Journal - Abstracts vol.13 nr.1 (2009)
- J. W. R. Whitehand, The structure of urban landscapes: strengthening
research and practice
Methods of articulating the historico-geographical structure of urban landscapes are fundamental to urban morphology and have considerable, but insufficiently recognized, potential in planning. M. R. G. Conzen made a major contribution to their development, notably between the late 1950s and the late 1980s. He demonstrated in traditional British towns and cities how the way in which the urban landscape is historically stratified, reflecting the distinctive residues of past periods, gives rise to a hierarchy of morphological regions or urban landscape units. In the past 20 years, there have been applications and adaptations of Conzen’s methods, and demonstrations of their potential in conservation and heritage planning, in other types of urban areas and other parts of the world, including the Far East. However, it is essential that urban morphological regionalization is grounded in sensitivity to the dynamics of the urban landscape and, especially in comparisons of different urban areas, that there is awareness of the level of resolution at which urban landscape units are delimited. Carefully applied, this method can make an important contribution to meeting a major challenge facing urban morphology today: the provision of sound bases for comparative research and its application in planning practice.

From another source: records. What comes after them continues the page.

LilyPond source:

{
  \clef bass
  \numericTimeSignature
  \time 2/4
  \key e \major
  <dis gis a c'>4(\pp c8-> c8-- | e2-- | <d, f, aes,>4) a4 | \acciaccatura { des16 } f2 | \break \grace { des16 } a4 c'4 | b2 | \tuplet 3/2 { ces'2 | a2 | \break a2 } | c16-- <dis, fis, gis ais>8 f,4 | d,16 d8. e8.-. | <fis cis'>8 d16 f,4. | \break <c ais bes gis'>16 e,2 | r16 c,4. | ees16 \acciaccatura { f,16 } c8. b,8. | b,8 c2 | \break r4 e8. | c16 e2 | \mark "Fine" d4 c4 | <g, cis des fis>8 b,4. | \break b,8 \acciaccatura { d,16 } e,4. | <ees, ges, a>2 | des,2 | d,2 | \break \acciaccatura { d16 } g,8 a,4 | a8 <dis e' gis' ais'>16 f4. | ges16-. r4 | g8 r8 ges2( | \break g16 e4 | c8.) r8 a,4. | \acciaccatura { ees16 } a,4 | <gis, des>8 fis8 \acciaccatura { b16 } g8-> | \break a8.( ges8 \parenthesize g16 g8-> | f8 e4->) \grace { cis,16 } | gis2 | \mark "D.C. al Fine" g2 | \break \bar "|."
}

- Michael P. Conzen, How cities internalize their former urban fringes:
a cross-cultural comparison
Studies of urban fringe belts have multiplied in recent years, demonstrating the validity of this morphological concept in a variety of regions around the world. Yet there have been few direct attempts at a comparative assessment of the concept’s performance in the different cultural settings in which it has been applied. This paper seeks to contribute to this goal, by examining the fringe-belt structure of several cities drawn from contrasting urban cultural traditions in Europe and the New World. Not surprisingly, certain commonalities emerge, but there are also large differences in the number, scale, complexity, and even basic geometry of fringe belts apparent in this eclectic examination. These differences go well beyond simple explanations of site circumstances, size, and function of the city within the urban hierarchy, and result from essential contrasts in urban social values, property rules, and planning traditions. The analysis leads to speculations about the efficacy and limits of the fringe-belt concept to identify and account for variations in the texture of urban form across urban areas in diverse cultural contexts.

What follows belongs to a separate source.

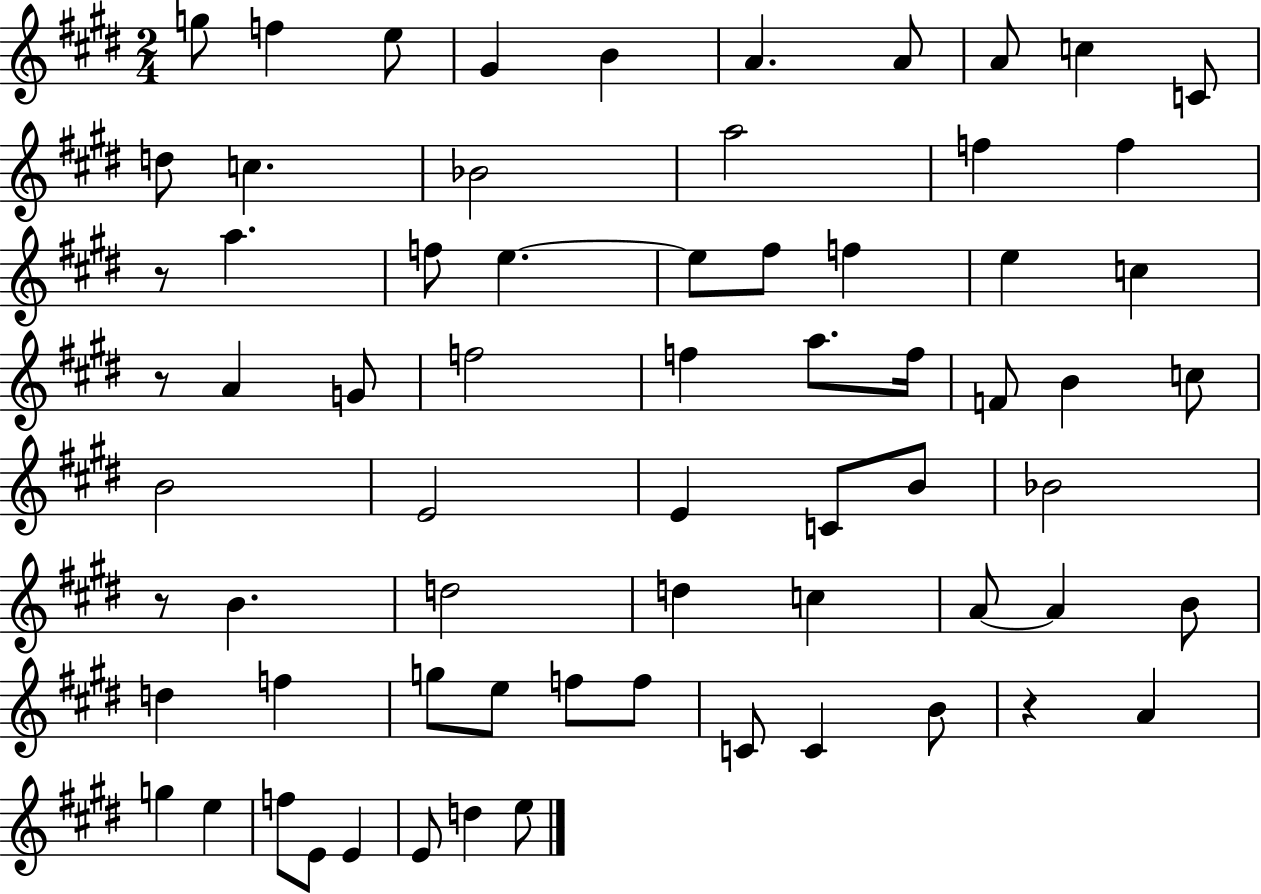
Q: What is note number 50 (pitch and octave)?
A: E5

- Hélène Noizet, Fabrique urbaine: a new concept in urban history
and morphology
The concept of fabrique urbaine can be described as a socio-spatial process of development of ordinary towns and cities. Practices and representations of the residents and other users of urban areas must be first analysed as a series of historical moments, which may be termed ‘social temporalities’. Then the spatial structure of the town, especially its plots, the aggregation of plots into street blocks, and the street system, can be precisely described, but with its own temporalities, and only as the final result of the history of the inhabitants. The link between social history and urban morphology is in important respects indirect: social temporalities are not conscious steps in the process of the development of the urban fabric. Nevertheless, there is a dialectical interaction between these two orders of facts. This method of articulating the historical development of urban areas is illustrated by studies of French cities.